*** Input data ***

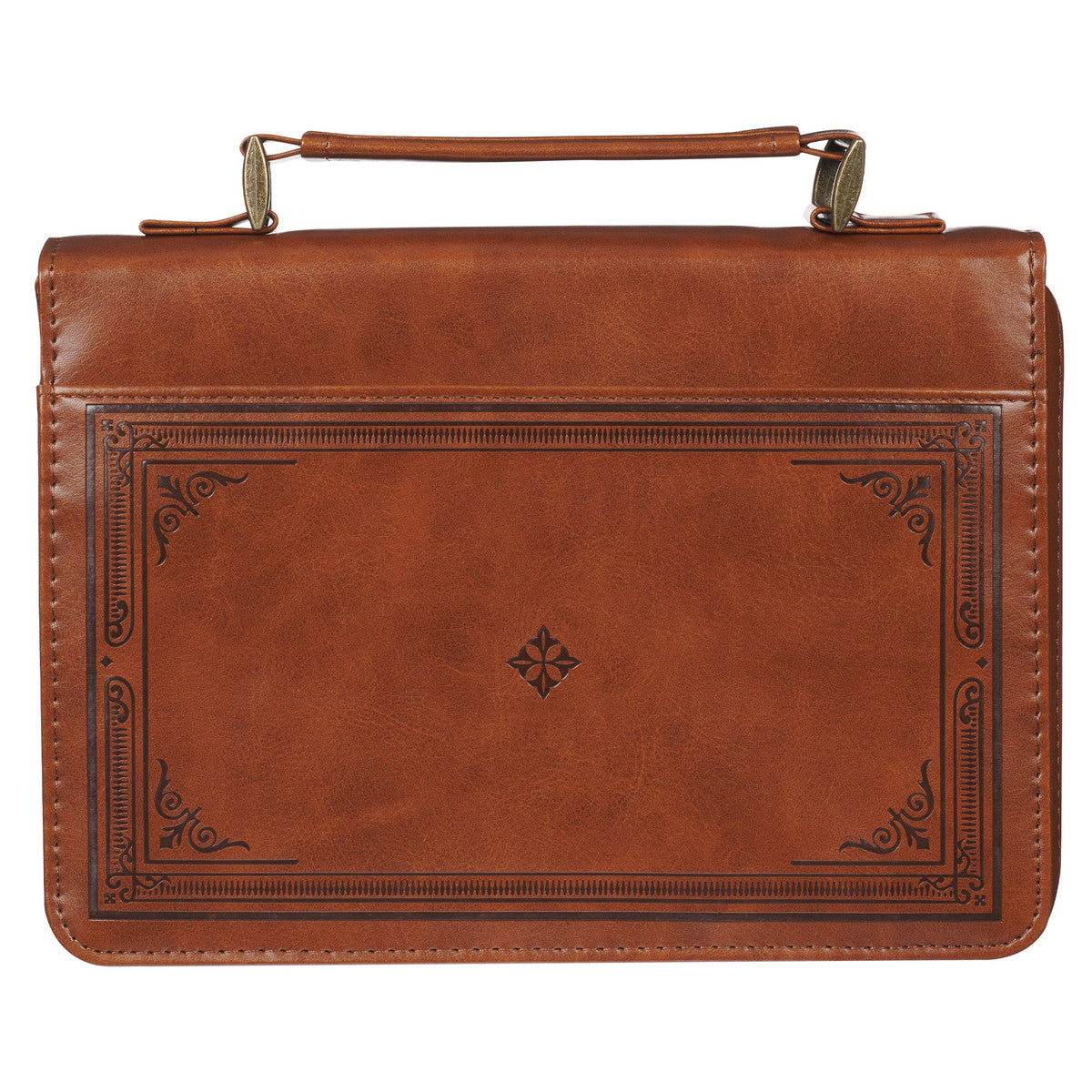 Trust in the Lord Honey-brown Faux Leather Classic Bible Cover - Proverbs 3:5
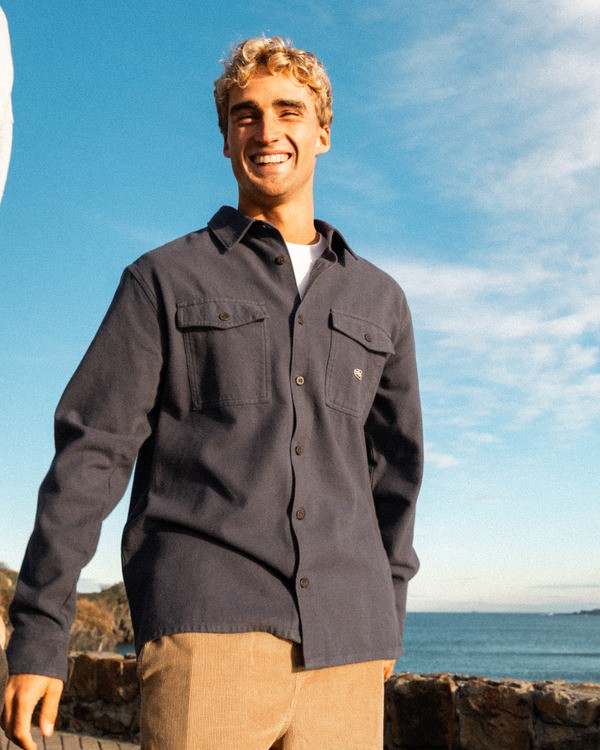 0 Since 73 Del Mar Flannel - Lang&auml;rmliges Hemd f&uuml;r M&auml;nner Schwarz EBYWT03026 Billabong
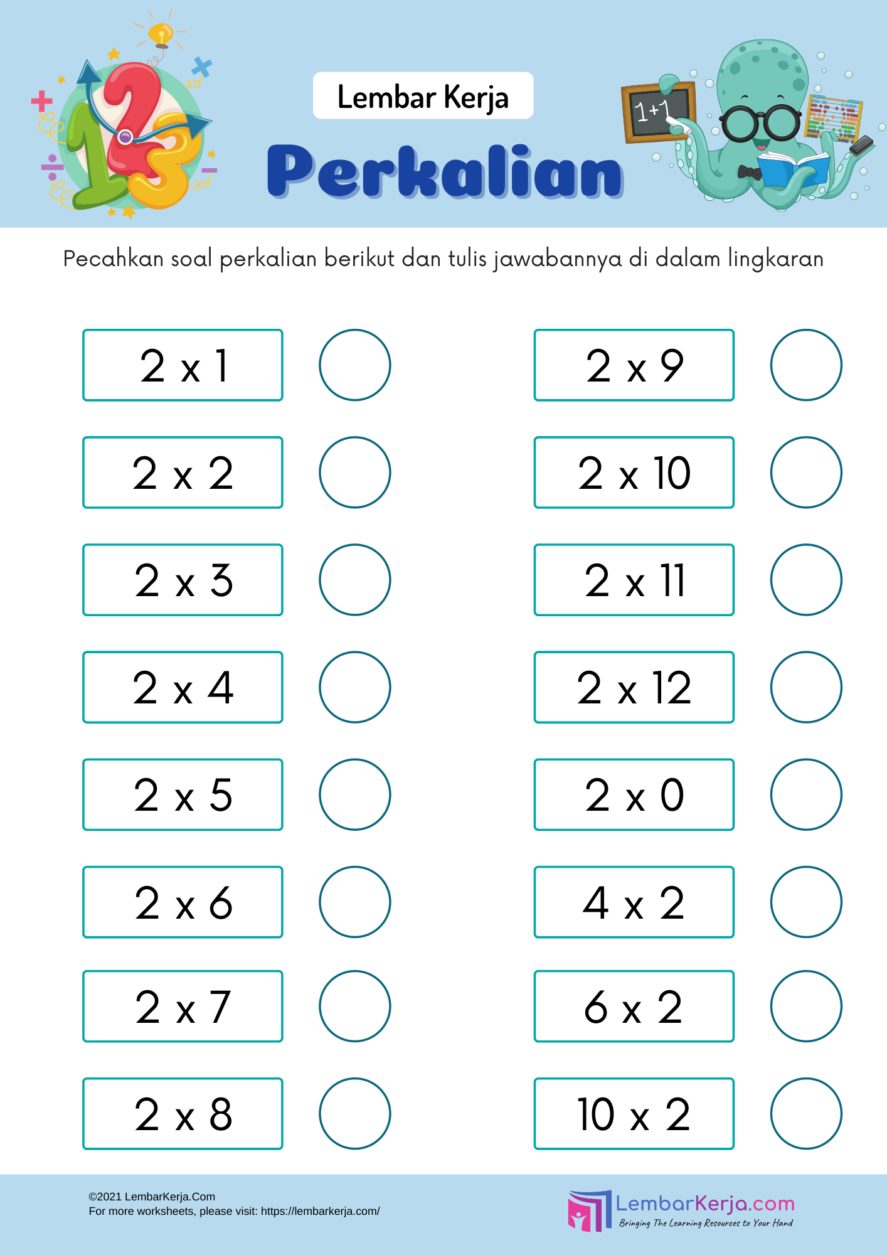 Contoh Soal Matematika Kelas 2 Semester 2 Bahan Belajar di Rumah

***

▸ Activity: The material above is to be repeated word for word, with no images kept.

▸ Answer box:
 Trust in the Lord Honey-brown Faux Leather Classic Bible Cover - Proverbs 3:5
 0 Since 73 Del Mar Flannel - Lang&auml;rmliges Hemd f&uuml;r M&auml;nner Schwarz EBYWT03026 Billabong
 Contoh Soal Matematika Kelas 2 Semester 2 Bahan Belajar di Rumah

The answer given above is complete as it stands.